Мне немножко жаль сказывать об этой привычке скорого на руку доктора Зеленского, чтобы скорые на осуждение современные люди не сказали: «вот какой драчун или Держиморда», но чтобы воспоминания были верны и полны, из песни слова не выкинешь. Скажу только, что он не был Держиморда, а был даже добряк и наисправедливейший и великодушнейший человек, но был, разумеется, человек своего времени, а время его было такое, что зуботычина за великое не считалась. Тогда была другая мерка: от человека требовали, чтобы «никого не сделать несчастным», и этого держались все хорошие люди, а в том числе и доктор Зеленский.
В видах недопущения болезней, прежде чем кадет вводили в классы, Зеленский проходил все классные комнаты, где в каждой был термометр. Он требовал, чтобы в классах было не меньше 13° и не больше 15°. Истопники и сторожа должны были находиться тут же, и если температура не выдержана – сейчас врачебная зубочистка. Когда мы садились за классные занятия, он точно так же обходил роты, и там опять происходило то же самое.

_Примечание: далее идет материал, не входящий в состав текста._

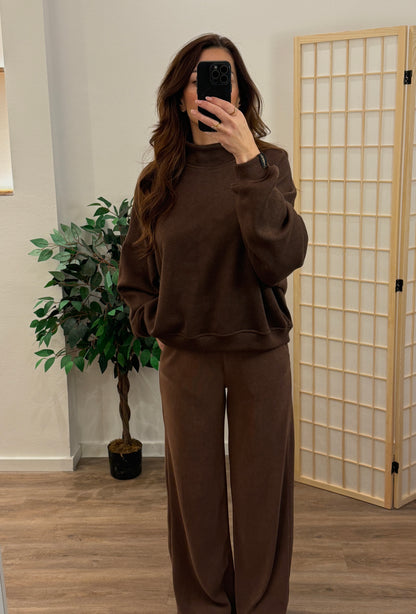 Pullover Knit CHOCOLATE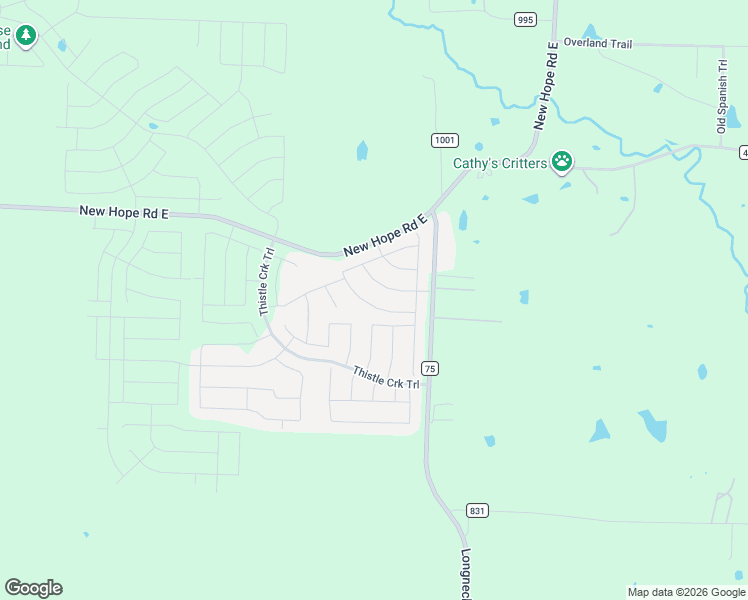 map of restaurants, bars, coffee shops, grocery stores, and more near Longneck Road in Princeton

Пищу нашу он знал хорошо, потому что сам другой пищи не ел; он всегда обедал или с больными в лазарете, или с здоровыми, но не за особым, а за общим кадетским столом, и притом не позволял ставить себе избранного прибора, а садился где попало и ел то самое, чем питались мы.
Осматривал он нас каждую баню в предбаннике, но, кроме того, производил еще внезапные ревизии: вдруг остановит кадета и прикажет раздеться донага; осмотрит все тело, все белье, даже ногти на ногах оглядит – выстрижены ли.
Редкое преполезное внимание!
Но теперь, оканчивая и с ним, я скажу, чту у этого третьего известного мне истинного друга детей составляло его удовольствие.
Удовольствие доктора Зеленского заключалось в том, что, когда назначенные из кадет к выпуску в офицеры ожидали высочайшего приказа о производстве, он выбирал из них пять-шесть человек, которых знал, отличал за способности и любил. Он записывал их больными и помещал в лазарете, рядом с своей комнатой, давал им читать книги хороших авторов и вел с ними долгие беседы о самых разнообразных предметах.
Это, конечно, составляло некоторое злоупотребление, по если вникнуть в дело, то как это злоупотребление покажется простительно!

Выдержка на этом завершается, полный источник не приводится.